Günlük yaşantımızda kullandığımız kelimelerin bir çoğunun ilginç hikayeleri var. Bildiklerinizi burada paylaşır mısınız?
DAYI : Çince’de “büyük” anlamına gelen “tay” kelimesi ile Türkçe’deki “aga” kelimelerinin birleşimi olan “tayaga” kelimesinin değişerek dayı şeklini aldığı söyleniyor. Kaşgarlı Mahmut bu kelimeyi “tagay” şeklinde yazmış.
TEYZE : Teyze kelimesi de dayı kelimesine benzer bir hikayeye sahip. “tay” ve “eze” kelimeleri birleşmiş. “Eze” Türkçe’de “ece” kelimesi ile aynı kökten geliyor ve anlamı “abla”.
BİSKÜVİ : Bisküvi kelimesi Fransızca’daki "bis cuit" yani “iki kere pişmiş” ifadesinden geliyormuş. Fransa kralı 2. Henry bir fırıncıdan değişik bir pasta istemiş. Fırıncı nasıl bir pasta yapabileceğini düşünürken, oğlu fırının yanı başında önceden babasının yoğurup hazırladığı hamuru bozulmamsı için küçük parçalara ayırıp fırınlamış, pişen çörekleri yağlayıp tekrar fırına sürmüş. Ortaya çıkan kıtır çörekler kralın hoşuna gitmiş.

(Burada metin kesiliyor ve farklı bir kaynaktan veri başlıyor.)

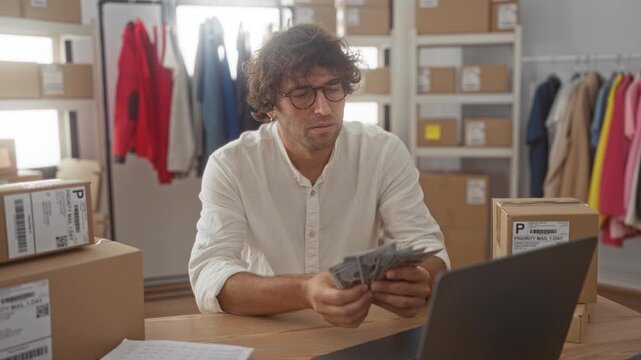 Man counting cash and reviewing packages at a warehouse packing station, later clutching his head in hands and staring at laptop; financial stress.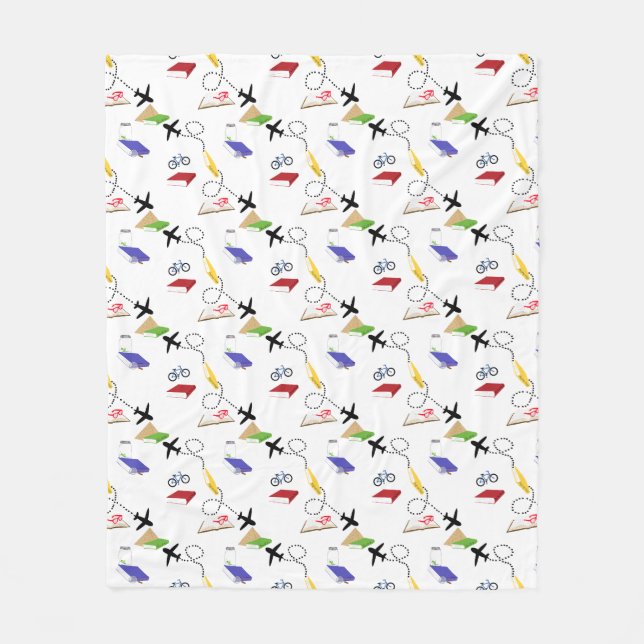 Aeroplane, Bicycle, Books, Red, Yellow, Blue Trave Fleece Blanket (Front)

ÇOCUK : Bu kelimenin Eski Türkçe’de “domuz yavrusu” ve “her şeyin küçüğü” anlamında kullanıldığını söyleyenler var.
BÖYLE, ŞÖYLE : Dikkatlice baktığınız zaman aslında bu kelimelerin “bu ile” ve “şu ile” olduklarını görebilirsiniz.
ŞEFTALİ : Farsça’daki “şaft” yani “kaba, iri” kelimesi ile yine Farsça “alu” yani erik kelimelerinden oluşmuştur.

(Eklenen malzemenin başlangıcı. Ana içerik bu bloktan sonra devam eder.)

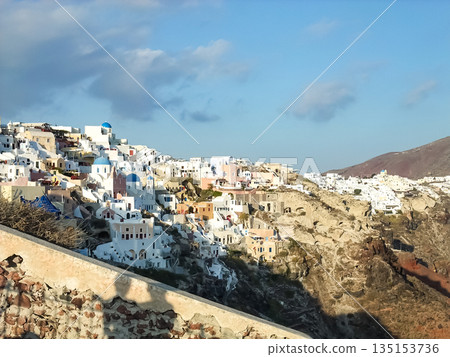 Oia landscape at dusk, Santorini, Greece 135153736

NE : Yunanca’da “evet” Bulgarca’da “hayır” anlamına geliyor.
SÜMÜK Azerice’de kemik anlamındadır.
“ANAHTAR” Rumca’dır ve Farsça’da somun anahtarına “açar” derler.

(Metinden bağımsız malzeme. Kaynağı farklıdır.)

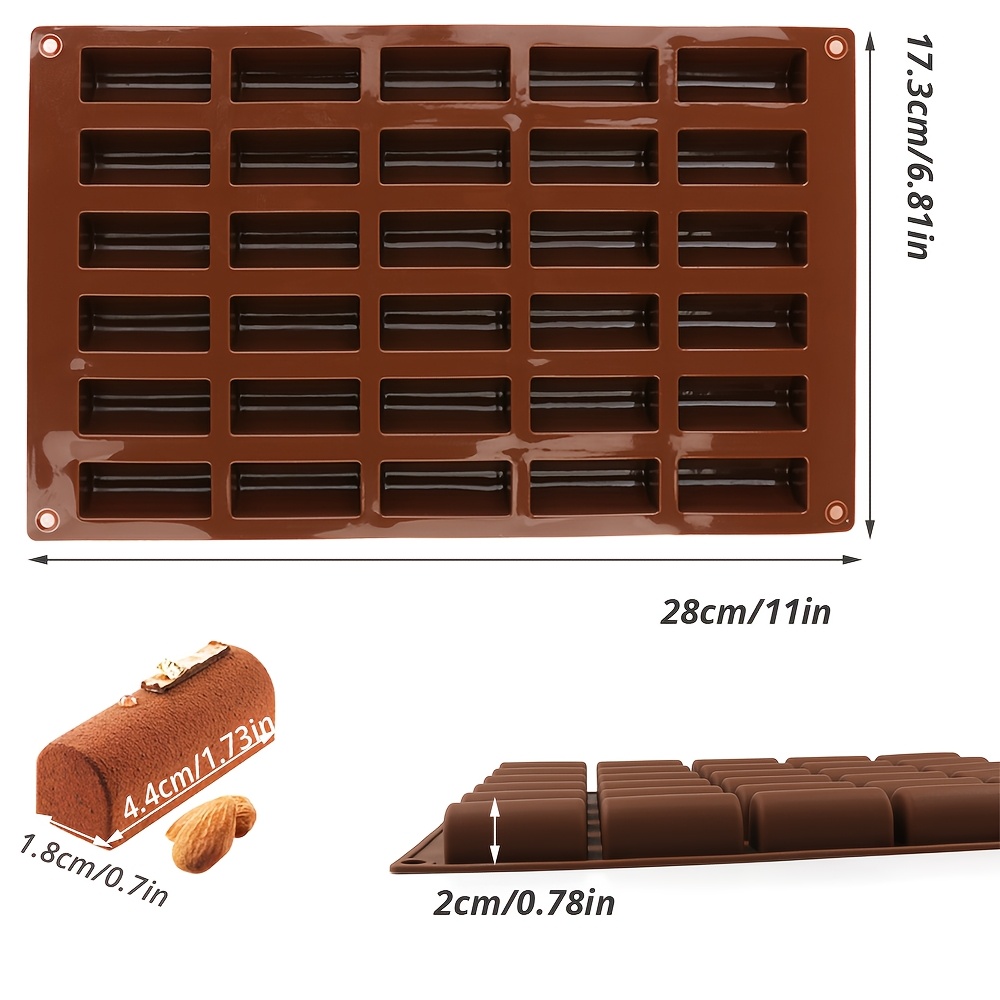 30cavity Silicone Bar Molds - Chocolate , , Bread, Brownie, , Cheesecake, Pudding, Butter, , And Ice Cube Trays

SALEP : Salep kelimesi Arapça “Sa’leb” yani tilki kelimesinden geliyor. Nedeni de şu: Salep içiceği orkide bitkisinin yumru halindeki kökünün öğütülmesiyle elde ediliyor. Orkide kelimesinin aslı ise Latince’de “orchis” yani “husye”. Araplar bu bitkiye “husyatus-sa’leb” diyorlar. İngilizcesi ise “ballockswort”.